Mayor Zohran Mamdani spoke at an outdoor gym in Hunter’s Point South Park in Queens.
Credit...Mimi d’Autremont for The New York Times

Zohran Mamdani Targets Junk Fees and Hidden Charges in Executive Orders

Trying to protect consumers by going after deceptive business practices has been an early focus of the new mayor’s administration.

by · NY Times

Five days into his mayoralty, Zohran Mamdani signed two executive orders targeting deceptive business practices like junk fees or making it difficult to cancel a gym membership in an effort to make the city more affordable.

“It is hard enough to live in New York City without having to worry all the time about whether you’re being ripped off,” Mr. Mamdani said on Monday at a news conference at an outdoor gym in Long Island City, Queens. “Our affordability agenda is also about an agenda of dignity, and there are few things more undignified than feeling taken advantage of by someone you are already paying.”
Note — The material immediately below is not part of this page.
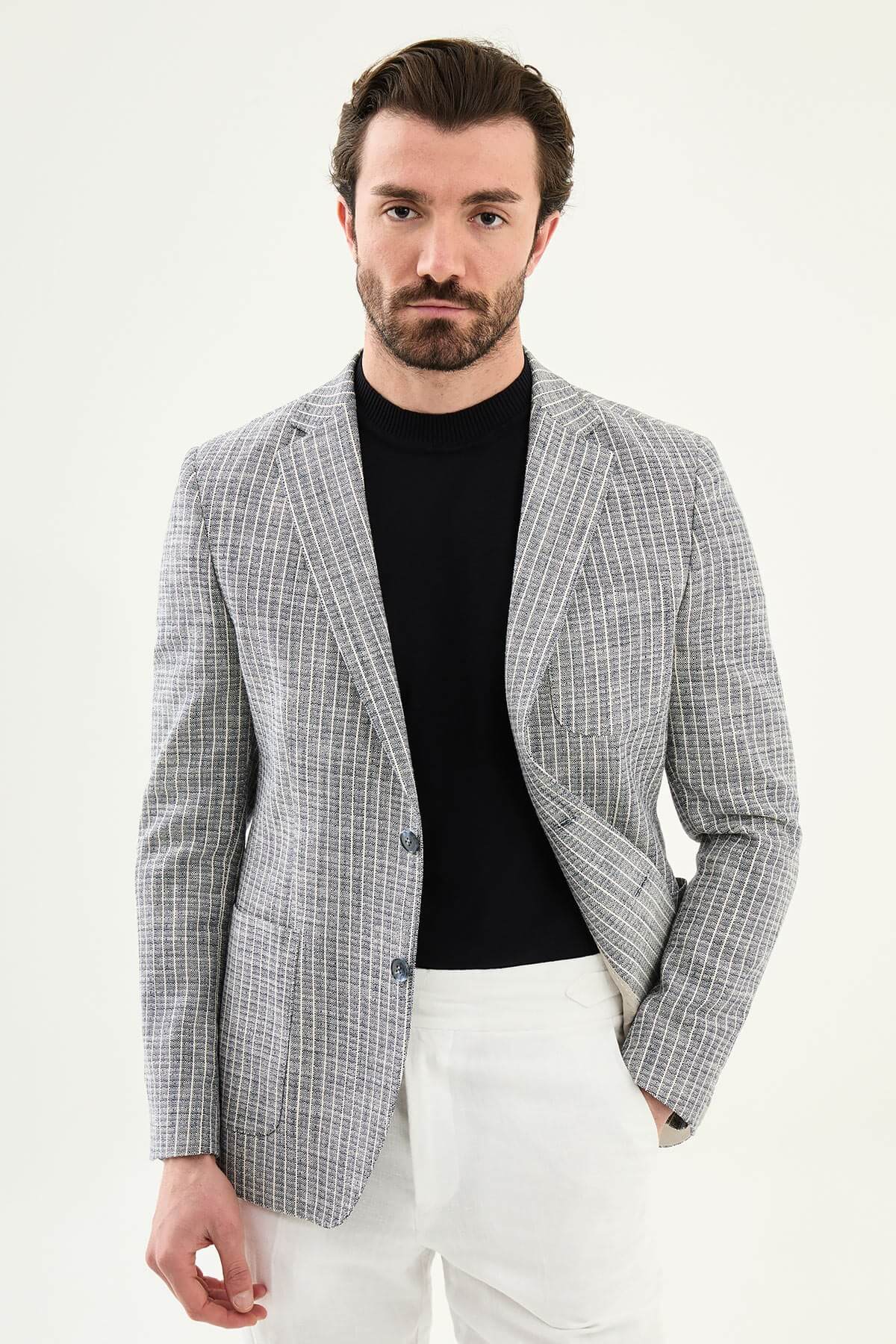 Men’s navy blue slim fit cotton linen blazer with a lightweight textured finish, styled with white trousers for smart casual summer elegance.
Protecting consumers, including renters, appears be a large part of Mr. Mamdani’s early agenda as mayor. The actions of Mr. Mamdani, a democratic socialist, appear so far to indicate a willingness to govern based on a leftist political agenda.

Lina Khan, the co-chairwoman of Mr. Mamdani’s transition team and the chairwoman of the Federal Trade Commission under former President Joseph R. Biden Jr., recently led a committee that drew up more than a dozen executive actions Mr. Mamdani could take as mayor that would lower costs and protect workers and consumers.

Last week, Mr. Mamdani announced that a member of his inner circle would head the Mayor’s Office to Protect Tenants and that the city would intervene on behalf of tens of thousands of tenants in the bankruptcy case of a large landlord who put more than 5,000 apartments subject to rent regulation up for auction. On Saturday, the mayor signed an executive order that directed the city to hold so-called “rental rip-off” hearings in the first 100 days of his administration where tenants could testify about poor living conditions.

“It’s terrific to see Mayor Mamdani get right to work challenging abusive practices that make everyday life even more expensive,” Ms. Khan said.

Mr. Mamdani’s candidacy faced significant pushback from leaders in the business community who were worried by his call to raise taxes on corporations and the wealthy. They donated millions of dollars to super PACs working to defeat him. After he won the Democratic primary in June, Mr. Mamdani met with many of them in meetings with the Partnership for New York City, a business advocacy group.

“To the extent that the Mamdani plan is to include employers in the conversation about enhancing consumer and employee protections, I think it can be a successful effort,” said Kathryn S. Wylde, the longtime president of the Partnership for New York City. “But it’s important that the mayor affirm that this is not adversarial toward employers, but will be a part of his effort to build a broad coalition.”

The orders signed on Monday created a task force on junk fees and directed the Department of Consumer and Worker Protection to crack down on them as well as deceptive business practices.

Samuel Levine, the commissioner of the Department of Consumer and Worker Protection, said that some of the world’s largest corporations, online retailers, ticket sellers and even food delivery companies operating in the city have “padded their profits” by making it difficult to cancel subscriptions and imposing hidden fees. He warned companies that he planned to put a stop to those practices.

“Don’t wait for a subpoena,” said Mr. Levine, who served as director of the trade commission’s consumer protection bureau under Ms. Khan. “Do right by your customers today.”

In June, Letitia James, the attorney general, announced a $600,000 settlement with Equinox Group over the difficulty of ending a membership. Last month, she joined a multistate coalition that filed suit against Uber regarding the difficulty of canceling subscriptions.

Before the state recently updated its business laws, Ms. James said her office was finding it difficult to get judgments for abusive and deceptive business actions, but she sees the focus on the issue by Mr. Mamdani as part of a “multilevel government offense in response to the needs of working families.”

Mr. Mamdani’s affordability platform was enormously popular. He pledged to freeze the rent on one million eligible apartments, make city buses fast and free, implement a system of universal child care and create five city-run grocery stores across the city to help mitigate the cost of healthy food.

As a candidate, Mr. Mamdani also criticized the decision by soccer’s international governing body to determine the cost of tickets to the World Cup based on demand. He wanted World Cup officials to instead offer 15 percent of tickets at a discounted rate.

While campaigning, Mr. Mamdani spoke to New York Knicks fans near Madison Square Garden about whether they could afford tickets to the games. And after former Gov. Andrew M. Cuomo appeared courtside at a Knicks game with former Mayor Eric Adams, Mr. Mamdani bought nosebleed tickets and mingled with fans in the arena’s upper levels.